As I cleared up afterwards I was reminded of a conversation I’d had the previous evening. I was widowed 5 years ago and, as my children had also left home, I’ve found adjusting to living on my own difficult. I’ve talked some of the practical and emotional challenges through with the pastor and his wife and it has been a gradual adjustment. I was regularly assured that, as I became more comfortable with the introvert part of myself, I would become more comfortable with living alone – after all, if you don’t really know or like part of who you are, you aren’t going to be comfortable living with yourself! At first I didn’t really understand that or see how it could happen or make a difference. However, I decided to trust what was being said to me and continue on the journey of understanding and accepting my introvert.
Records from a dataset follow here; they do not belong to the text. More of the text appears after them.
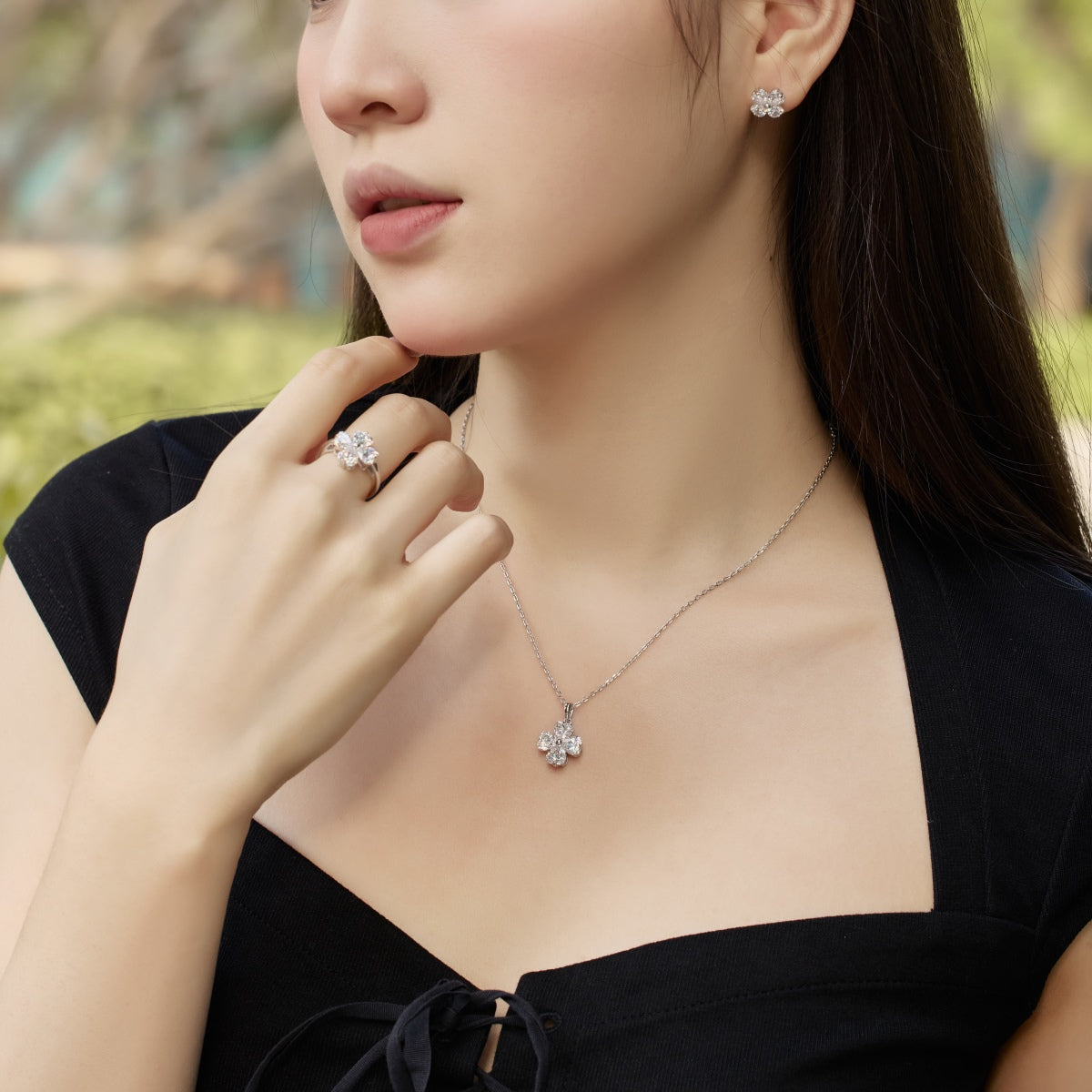 [Perla Lux]Heart-Shaped Four-Leaf Clover Bead Necklace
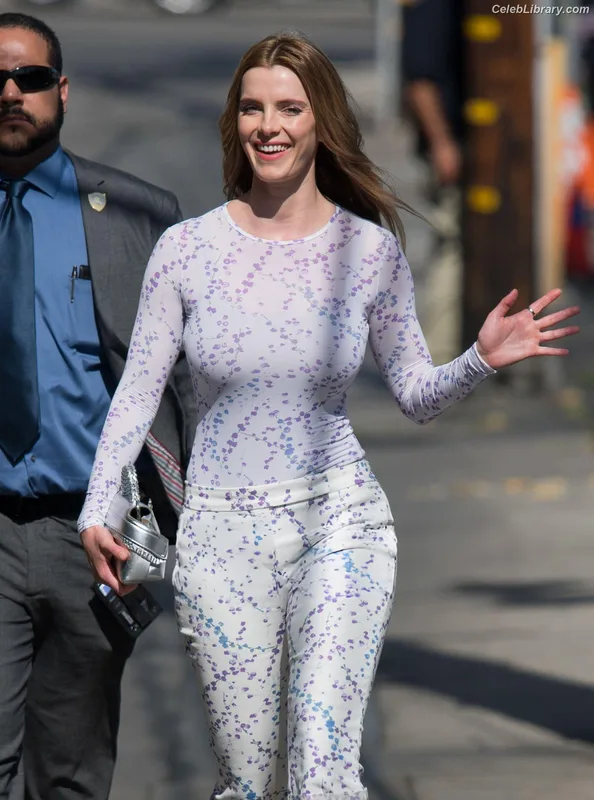 Betty Gilpin photo 12 of 273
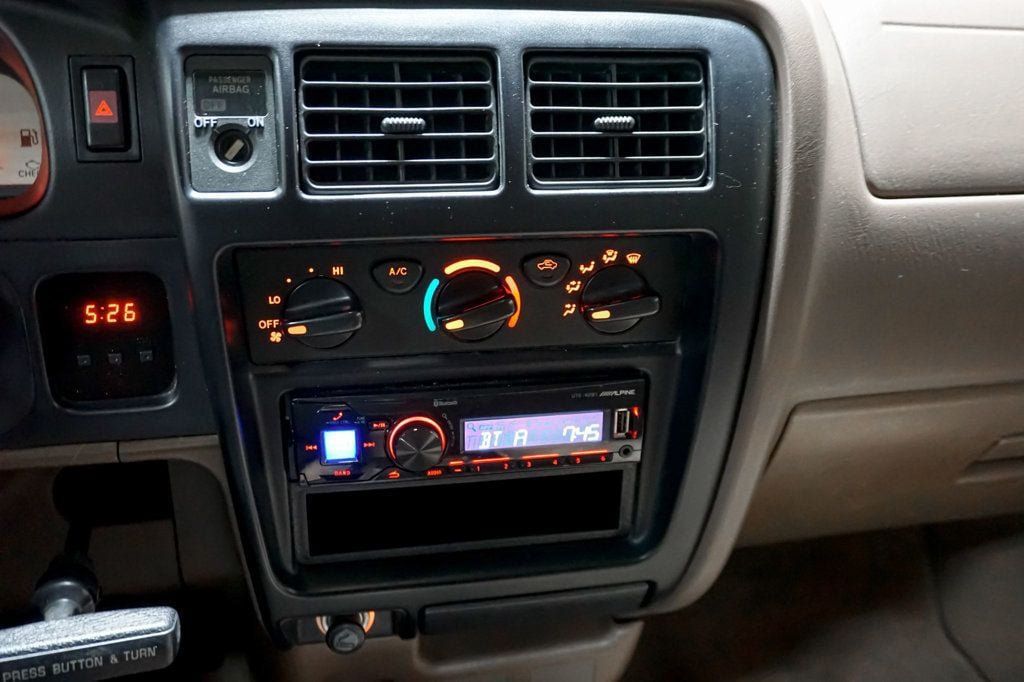 Used 2004 Toyota Tacoma 4x4 Xtracab V6 image 14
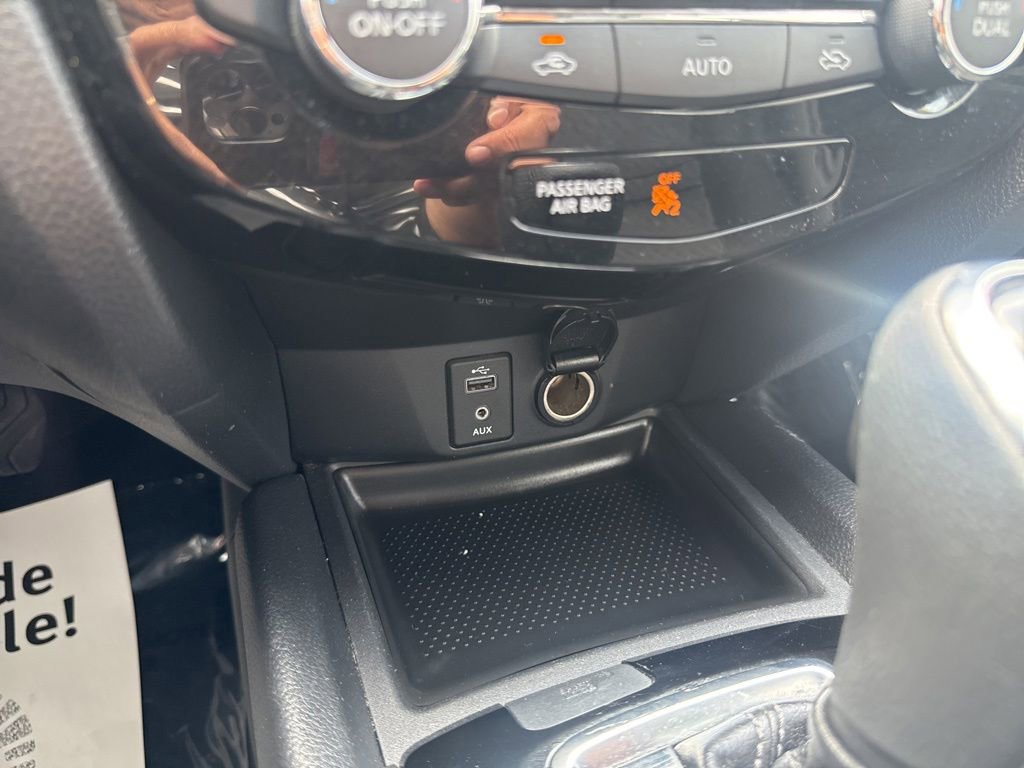 Used 2017 Nissan Rogue SV w/ SV Premium Package AWD/4WD image 34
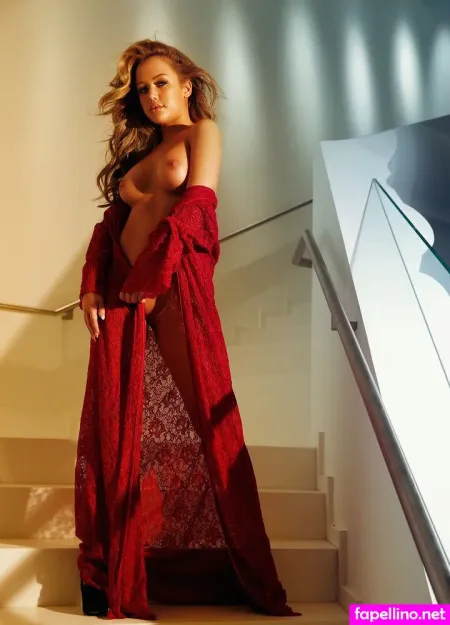 Kim Gloss OnlyFans Thumbnail #s0PuvfJxnT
In the conversation on Monday evening I was able to say that I’m happy with my life as it is now and that I’m not just ‘OK’ living on my own but that I actually enjoy it. I enjoy having people to stay and visit for meals and I love spending time with my family and friends, but I’m equally happy with my own company. I realise that this is because I’m comfortable with all of who I am, both my introvert and extrovert, so living alone doesn’t feel such a challenge any more. The wise advice I was given has come to fruition. However, it’s not been easy and, rather like digging out that stubborn shrub, I’ve had to persist when I haven’t felt like I was getting anywhere and have been tempted to give up. I’ve also had to be ruthless in digging out the roots of the negatives that resided inside me. I’ve kept going, sharing my struggles and my feelings and choosing to believe the positive things that were said to me, and the negatives are gradually being dislodged. When I look out at my garden I see a wide-open space waiting to be filled with colourful new plants. Similarly, there is space in my heart for God to fill with his goodness and his plans for me.